Further elaboration on Articles 61 and 65(b), UCMJ, is found in paragraphs 84 and 85, Manual for Courts-Martial, United States, 1969 (Revised edition). Those paragraphs indicate the review requirement applies to trials, “new” trials, “other” trials, and rehearings. Rehearings may be on findings and sentence or on sentence only. Article 63, UCMJ, 10 U.S.C. § 863; paragraph 92, MCM, 1969 (Rev. ed). As the Goode requirement attaches to the post-trial review requirement, the staff judge advocate must serve a copy of his review on the defense counsel in the instances enumerated.5

In the instant case, the staff judge advocate’s advice to the convening authority was not a review required by Article 61 or 65(b), UCMJ, nor was it akin to or supplemental to such a review. It was not the initial written opinion on a record of trial but instead was advice concerning the alternative courses of action prescribed by the Court of Military Appeals as a result of *770appellate review. The Goode requirement, therefore, was not applicable.

We recognize that the staff judge advocate’s advice included his recommendation of an appropriate sentence upon reassessment, and defense counsel could have made a plea for leniency. To impose a Goode type requirement in such an instance, however, would be unwise. First, there is no “problem” to be corrected as there was in Goode. Second, there is a limit to the number of procedural “safeguards” that can be imposed without adversely affecting the proper administration of justice. In this case, for example, mandatory service on trial defense counsel would have caused interminable delay. The convening authority was in Germany, the appellant was at Fort Knox, Kentucky, and the trial defense counsel, we note, was at The Judge Advocate General’s School in Charlottesville, Virginia.

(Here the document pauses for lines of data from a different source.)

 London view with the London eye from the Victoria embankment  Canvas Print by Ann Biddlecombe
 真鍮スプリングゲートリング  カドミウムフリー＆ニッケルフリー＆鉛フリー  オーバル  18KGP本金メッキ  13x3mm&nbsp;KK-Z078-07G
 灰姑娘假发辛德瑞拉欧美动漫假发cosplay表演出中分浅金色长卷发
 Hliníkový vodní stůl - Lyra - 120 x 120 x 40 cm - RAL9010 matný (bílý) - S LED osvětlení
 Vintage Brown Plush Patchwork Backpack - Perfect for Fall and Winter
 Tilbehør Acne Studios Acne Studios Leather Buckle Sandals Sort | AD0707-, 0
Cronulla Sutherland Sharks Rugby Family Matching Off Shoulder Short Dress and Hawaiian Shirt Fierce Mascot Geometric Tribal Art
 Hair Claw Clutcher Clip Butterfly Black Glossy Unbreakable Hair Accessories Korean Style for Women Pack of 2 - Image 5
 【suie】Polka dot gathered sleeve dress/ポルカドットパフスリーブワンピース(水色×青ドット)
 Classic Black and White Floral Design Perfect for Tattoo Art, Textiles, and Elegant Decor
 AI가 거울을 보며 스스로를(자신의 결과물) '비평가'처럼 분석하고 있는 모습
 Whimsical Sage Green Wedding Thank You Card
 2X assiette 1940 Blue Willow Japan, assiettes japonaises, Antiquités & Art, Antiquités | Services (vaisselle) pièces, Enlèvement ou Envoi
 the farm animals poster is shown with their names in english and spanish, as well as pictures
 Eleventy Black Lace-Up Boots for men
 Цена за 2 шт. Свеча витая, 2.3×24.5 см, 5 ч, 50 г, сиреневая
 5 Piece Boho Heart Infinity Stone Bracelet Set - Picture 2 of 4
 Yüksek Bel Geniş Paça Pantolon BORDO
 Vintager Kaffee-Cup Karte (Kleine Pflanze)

As a final reason for declining to impose a mandatory requirement in this type situation, an accused is not denied any substantial right by not being allowed to comment on every recommendation or advice submitted to the convening authority. An accused has the opportunity to challenge the action at a later stage of review and also has the opportunity to present clemency matters.

In the instant case, the appellant has neither attacked the convening authority’s decision nor argued the appropriateness of the sentence. We find the error to be without merit.

The findings of guilty and the sentence are affirmed.

Judge HANFT concurs; Judge GARN not participating.

. This Court originally affirmed without opinion on 22 March 1978 appellant’s conviction of AWOL (3 specifications) and aggravated assault.

. 10 M.J. 36 (CMA 1980).

. The convening authority reduced the confinement from 18 to 9 months, approving the bad-conduct discharge, total forfeitures, and reduction to E-l, as adjudged.

. There were two “decision papers” submitted, the second because of the “administrative” errors in the first supplementary order. Neither were submitted to the defense counsel.

. The courts have included in the Goode requirement also those cases wherein a new review and action was required as a result of appellate review.